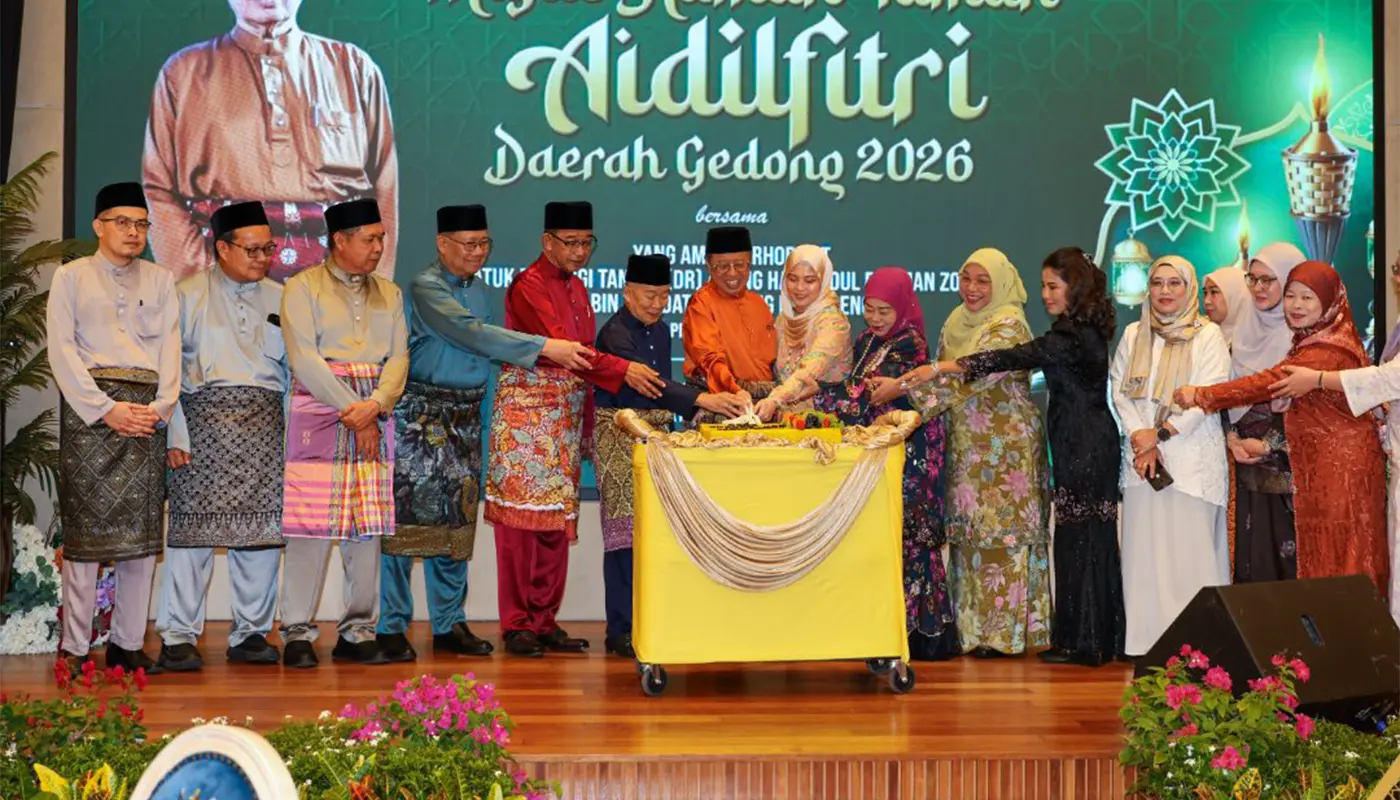 Premier Joins Gedong Aidilfitri Celebration and Honours Local Leaders 1 Sarawak, Sarawak News, Gedong, Gedong News, Aidilfitri, Community Celebration, Leadership Recognition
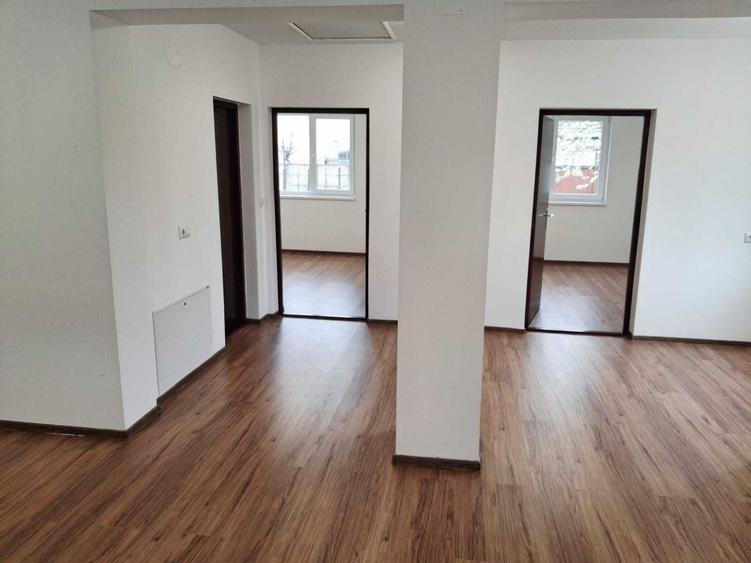 Apartament cu 2 camere decomandat în Nufărul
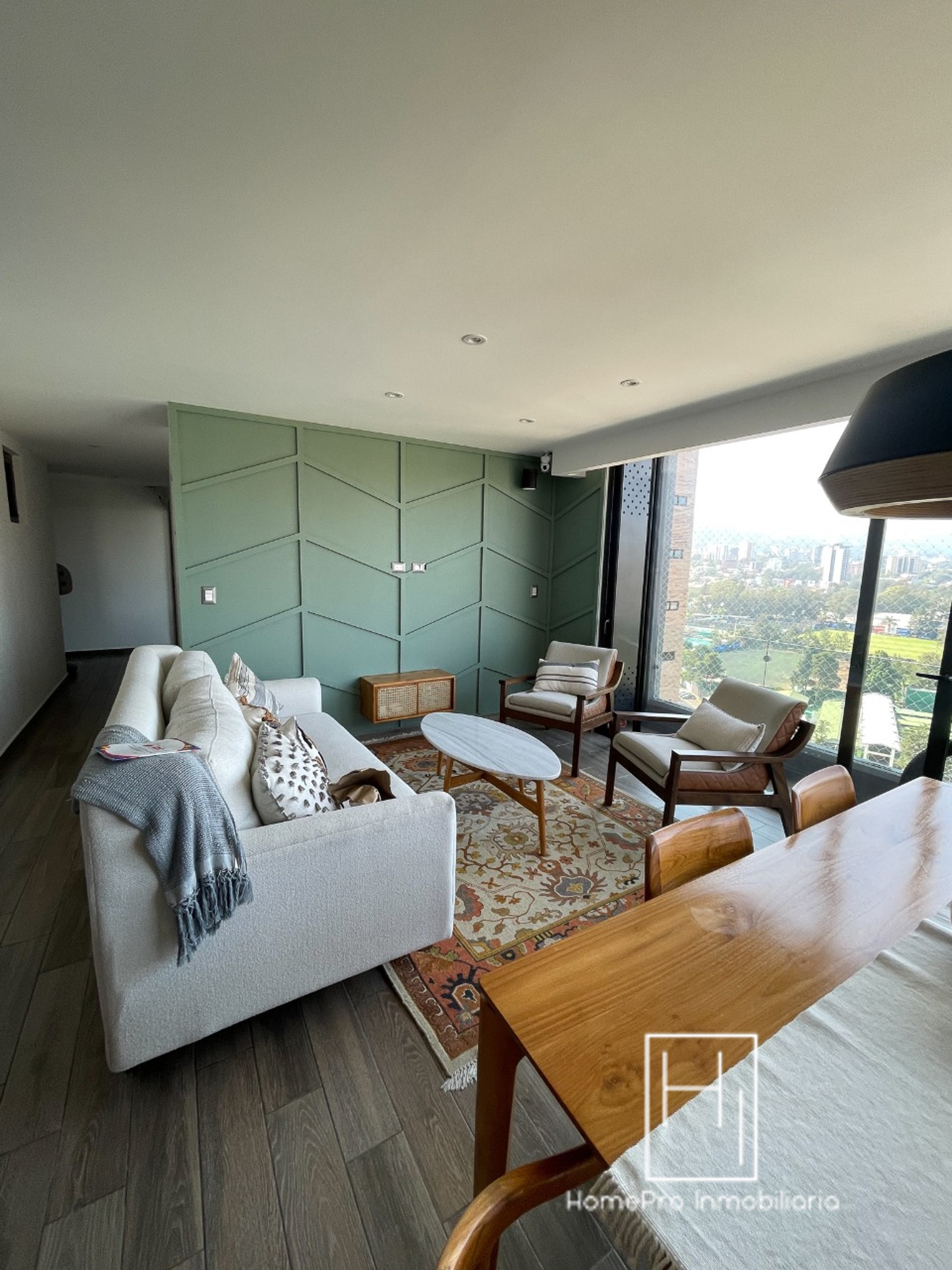 HomePro Inmobiliaria vende hermoso apartamento en zona 15.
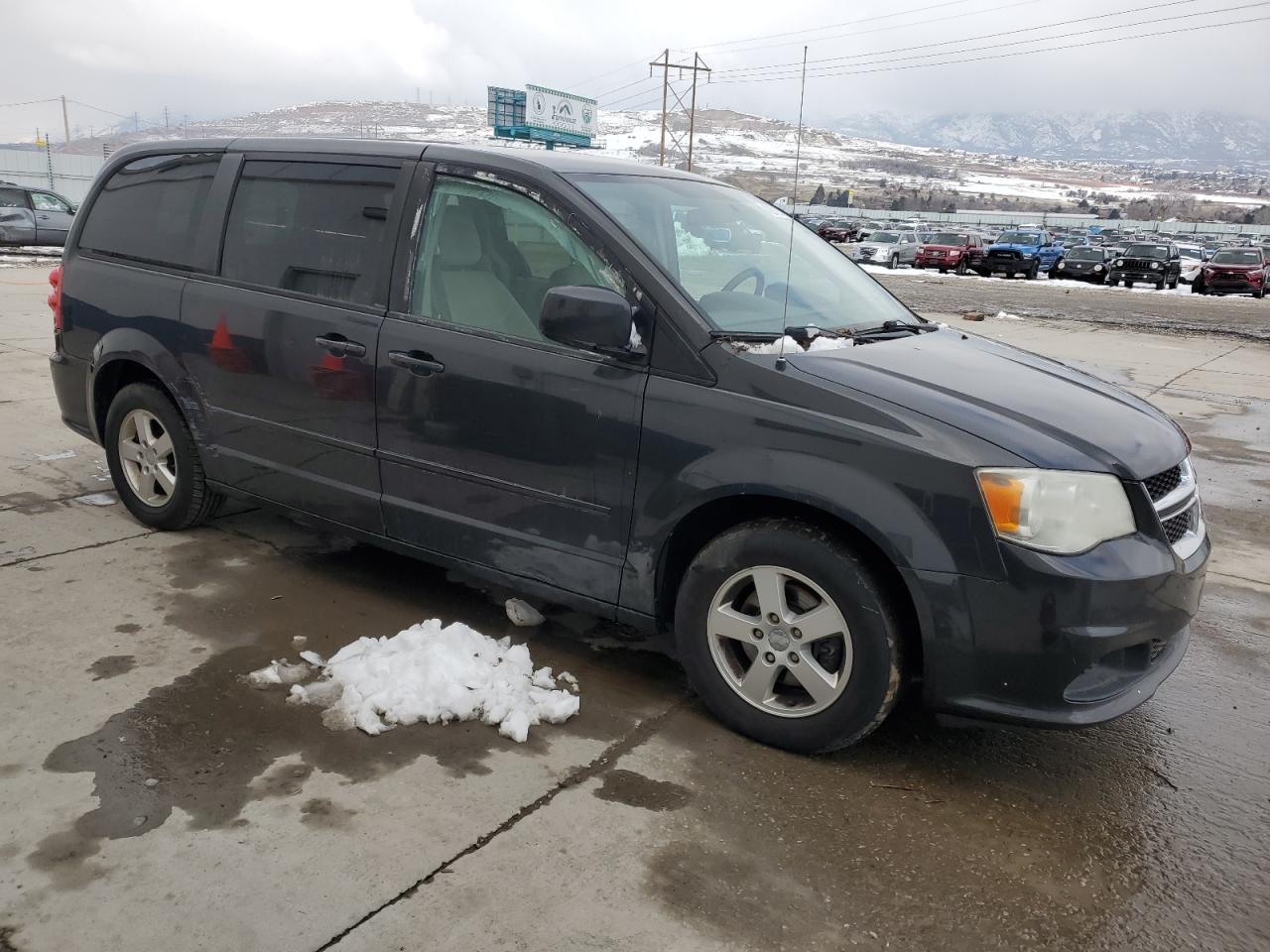 2012 Dodge Caravan - Image 4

WHAT THIS TASK INVOLVES -> Produce an exact copy of each line of data, skipping embedded images.

RESPONSE AREA ->
 Premier Joins Gedong Aidilfitri Celebration and Honours Local Leaders 1 Sarawak, Sarawak News, Gedong, Gedong News, Aidilfitri, Community Celebration, Leadership Recognition
 Apartament cu 2 camere decomandat în Nufărul
 HomePro Inmobiliaria vende hermoso apartamento en zona 15.
 2012 Dodge Caravan - Image 4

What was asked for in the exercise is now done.